バンコク北部にある大手商業施設「Central Plaza Ladprao」では、喪に服す意を示す黒い服を着用した人々が立ち止まっています。
これは、タイの国王の遺体が病院から王宮に搬送された模様を大きなモニターで放送していたためであり、タイ国民は追悼と敬愛の意を込めて、直立不動でその模様を見守っています。
SNS上でも哀悼の投稿があふれる
SNSでも喪に服している様子が見られます。
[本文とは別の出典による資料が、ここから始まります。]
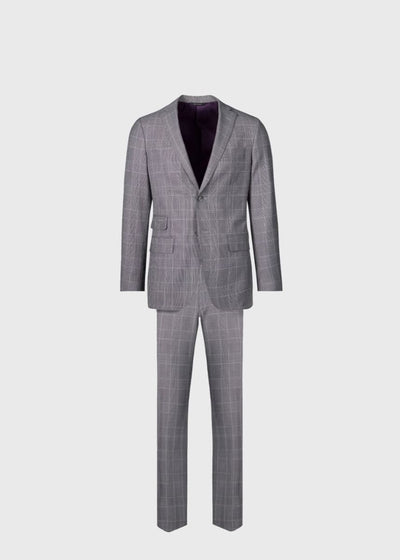 Phineas Cole Super 120s Wool Plaid Suit - Grey - 42 (Long) - Suit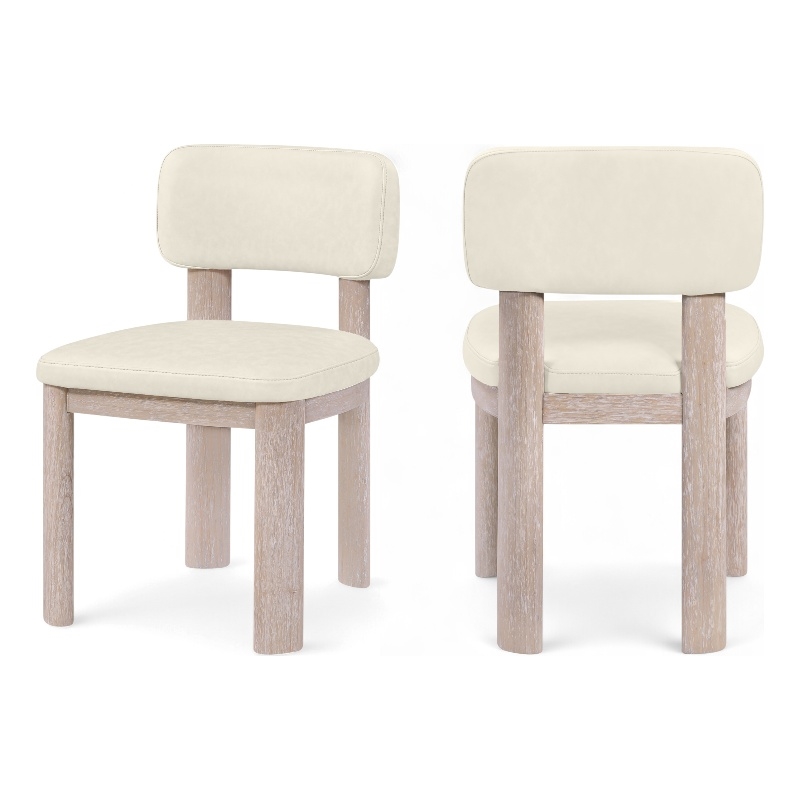 Meridian Furniture Paloma Cream Vegan Leather Dining Chair (Set of 2)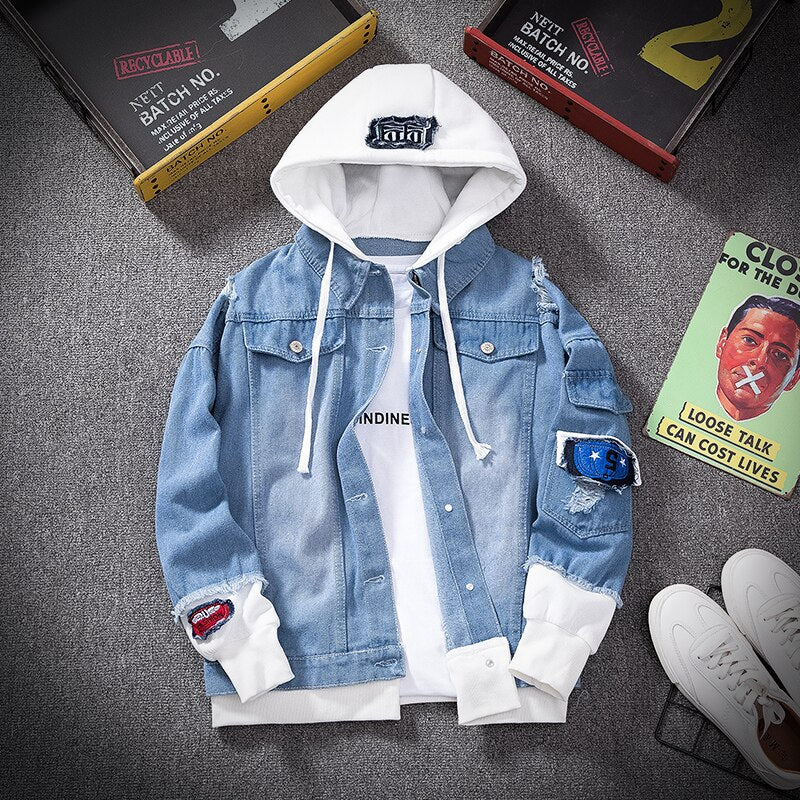 S Denim Hooded Jacket ,  - Streetwear Jackets - Slick Street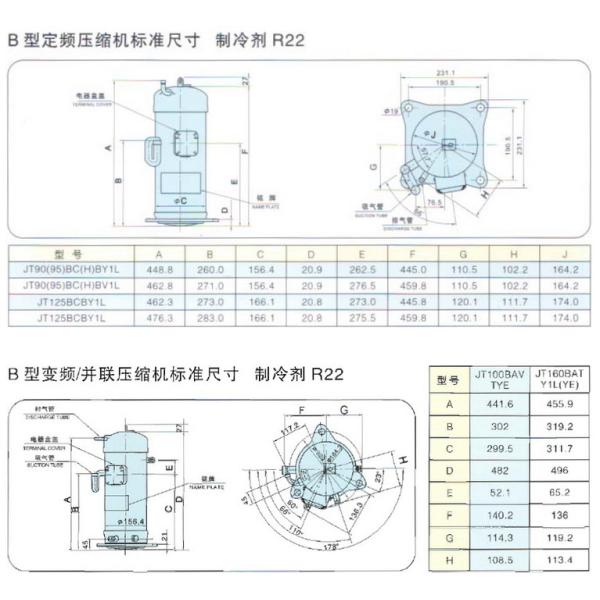 R22 220v Daikin Air Compressor Scroll Compressor AC Power JT90GABV1L CE, UL 220v, 220v/50hz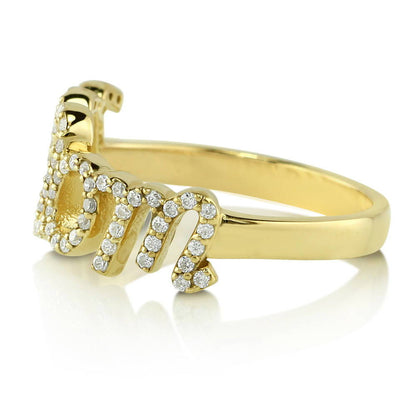 Mom CZ Ring in Gold Flashed Sterling Silver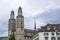 Grossmunster. Romanesque Cathedral in Zurich. View of the Grossmunster.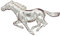 Brosche Pferd, Brosche Galoppierende Pferd, Hand Gegossen, von William Sturt, aus Deutsch Zinn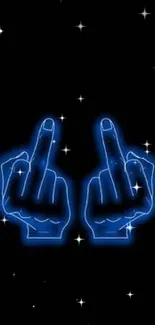 Blue neon middle finger design on black background.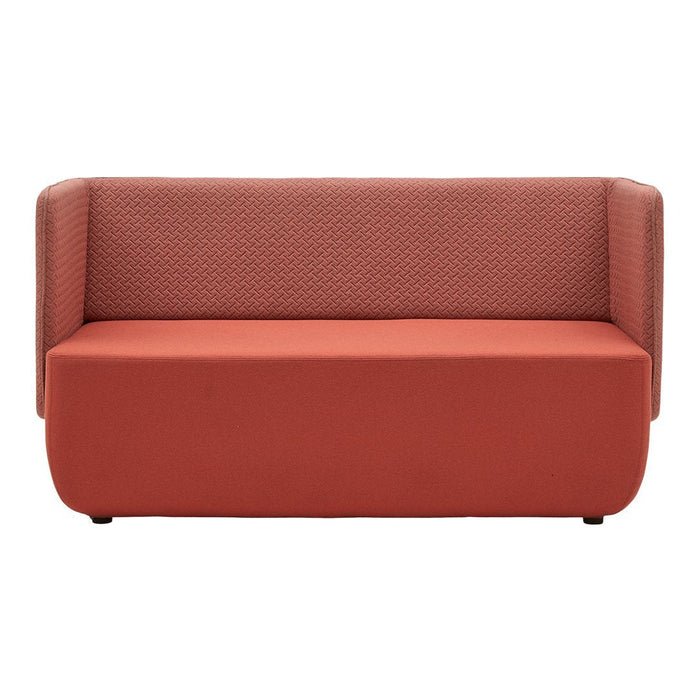 Textured coral two-seater sofa with a solid bottom and patterned backrest, ideal for modern decor.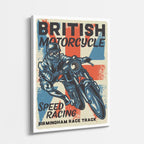cuadro canvas vehículos british motorcycle birmingham vertical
Twitter上で、ハッシュタグ「#เรารักในหลวง(私達は国王を愛しています。)」で検索すると、それぞれのアカウントがアイコンを白黒にして喪に服していることが見られ、また画像検索をすると、国民が本当にプミポン国王を愛していたことがわかります。
有名アーティストのSNS公式アカウントや、大手ウェブサイトでも喪に服す
有名アーティストのフェイスブックアカウントも、喪に服すことを表すためにアイコンやヘッダー画像が変更されています。
最も人気のアルバムは売上枚数500万枚以上と言われる、タイで最も有名なポップ・ミュージック歌手 トンチャイ・メーキンタイ(タイ語: ธงไชย แมคอินไตย์)の公式Facebookページはアイコンとヘッダー画像を変更。白黒ベースで哀悼のメッセージを添えています。
また、タイの国民的大御所バンド(日本で言えばサザン・オールスターズ的な立ち位置)の Carabaoも、公式Facebookページで同様の変更をしています。
その他、タイで最大手の口コミサイト「Pantip」などのタイ国内大手ウェブサイトはもちろんのこと、タイ版Google「Google Thailand」も白黒デザインに変更し、やはり喪に服している模様。
インバウンドビジネスへの影響は?
それでは、以上のようにプミポン国王の訃報はインバウンドビジネスにおけるタイ市場に影響はあるのでしょうか。
「娯楽活動30日自粛」「経済活動継続」タイ首相演説
タイのプラユット首相は、プミポン国王の死去当日13日に、テレビ演説を行いました。その演説において、服喪に関しては政府機関などの公期間は30日間の半旗掲揚すること、公務員や国営企業職員は1年間服喪すること、そして一般国民は娯楽的な活動を30日間自粛するように求めました。
株式市場や貿易などの経済活動は止めないように求めたものの、基本的に1年間の服喪期間においては、経済活動の停滞が見越されています。特に、タイ首相が「娯楽活動は自粛」としたことと、国民の自発的な服喪により、娯楽に該当する観光業は影響が強い懸念があります。
もちろん、観光業とはタイ国内だけにかぎらないため、インバウンドにおいても相当の影響があることは避けられない情勢と言えます。
タイ向けFacebook広告は服喪期間中配信停止
訪日タイ人向けにFacebook広告を出稿している企業は、広告が配信がされなくなっていることに注意が必要です。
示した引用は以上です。